T-20 is the first drug in a new class of ‘fusion inhibitors’ that prevent HIV from entering its target cells. It is given twice daily as a self-administered subcutaneous injection. The TORO study was designed to assess the safety and efficacy of T-20 when added to an optimised background regimen of antiretroviral drugs.
To date, the study has demonstrated that after 48 weeks of treatment, more patients adding the new drug to their regimen have undetectable viral loads and raised CD4 cell counts than those who did not add the drug. Since the patients in the optimised background arm were given the option to switch to the T-20 arm on treatment failure or at the end of 48 weeks in the trial, today’s presentation provided a 96-week update on the patients who were randomised to the T-20 arm. The findings showed that the majority of patients can tolerate the drug for this period, and maintain favourable virological suppression and CD4 cell increases.
Of the 661 patients randomised to receive T-20 at the start of the study, 506 (77%) remained enrolled at week 48, and 368 (56%) at week 96. Using an intent-to-treat analysis, in which discontinuing patients or missing data were counted as failures, the proportion of patients with a viral load of fewer than 400 copies/ml decreased from 37% to 27% between weeks 48 and 96, and the proportion with fewer than 50 copies/ml from 23% to 17%. These values were greater than those at 48 weeks in the patients randomised to the optimal background arm (13% and 8% respectively).
Over the same period, the proportion of patients with a CD4 cell increase of over 50 cells/mm3 from baseline increased from 61% to 76%, and those with an increase of over 200 cells/mm3 from 9% to 37%.
Reasons for patients leaving the trial included injection site reactions (47 patients, 7%), adverse events (81 patients, 12%) and death (6 patients, 1%).
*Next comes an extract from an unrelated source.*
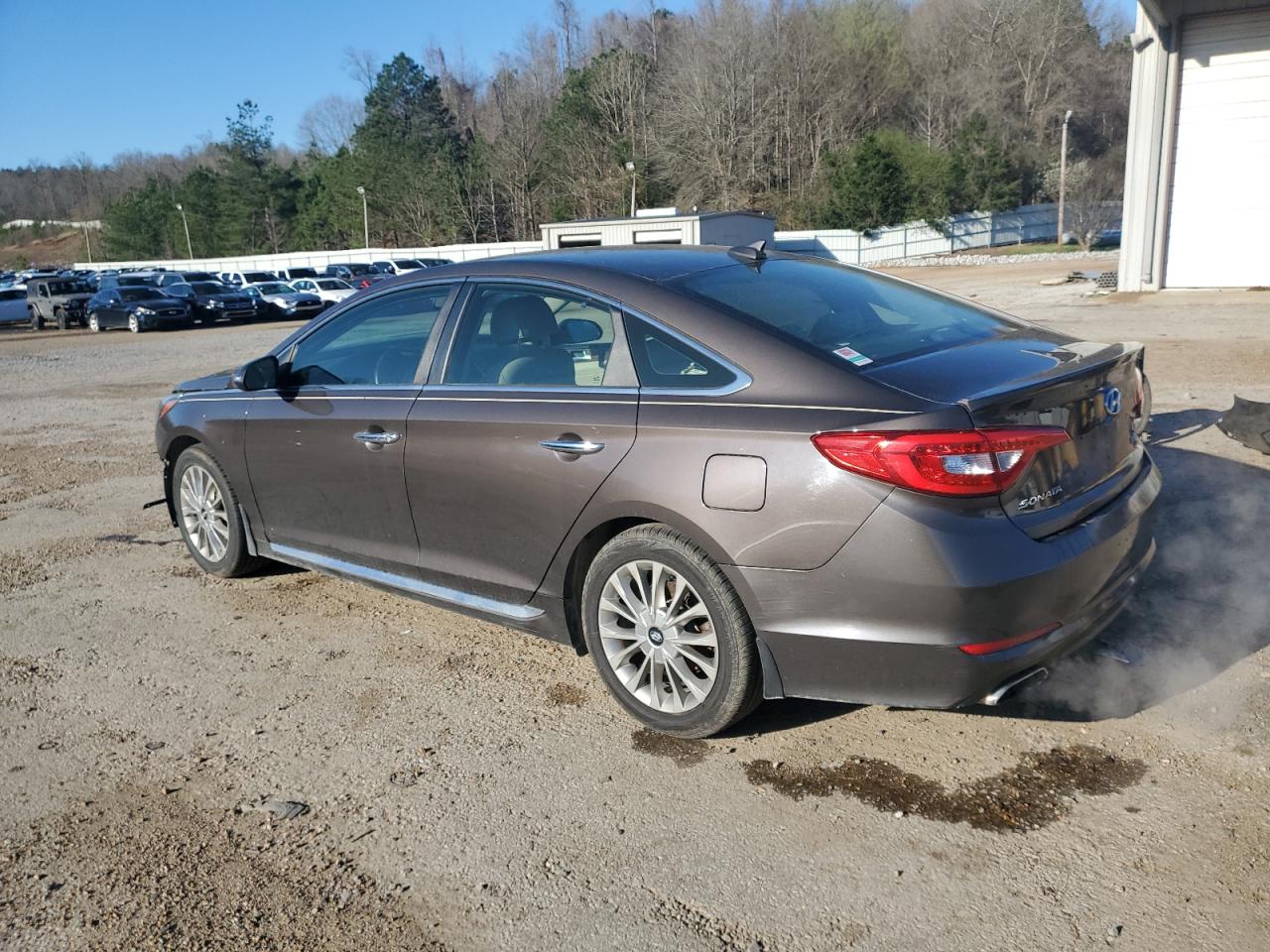 2015 Hyundai Sonata - Image 2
It was also reported that 67 patients (10%) left the trial since they had an 'insufficient therapeutic response', with the remainder leaving for administrative reasons, refusing treatment or being lost to follow-up.
When comparing the incidence of adverse events between the first and second years of treatment, the presenter noted that many, including upper respiratory tract infections, fever, diarrhoea, fatigue, joint pain and oral thrush were less common in the second year of treatment.
However, the proportion of patients experiencing injection site reactions – redness and soreness around the injection site – did not decrease across the two years of the study, with 60 to 80% of patients experiencing pain at any one time, although this was mostly mild.
T-20 has been associated with an increased incidence of bacterial pneumonia. In this study, the incidence of pneumonia remained constant at 1 to 2%, significantly greater than in the non-T-20 arm in the first 48 weeks of the study, but without declining in the second year. Dr Keikawus Arastéh, presenting, acknowledged that the reasons for this remain unclear, but he indicated that the drug’s manufacturer, Roche, is investigating this effect, as requested when the product was licensed by the US Food and Drug Administration in 2003.
Arastéh K et al. TORO: 96 week virological and immunological response and safety evaluation of enfuvirtide with an optimized background regimen. XV International AIDS Conference, Bangkok, abstract MoOrB1058, 2004.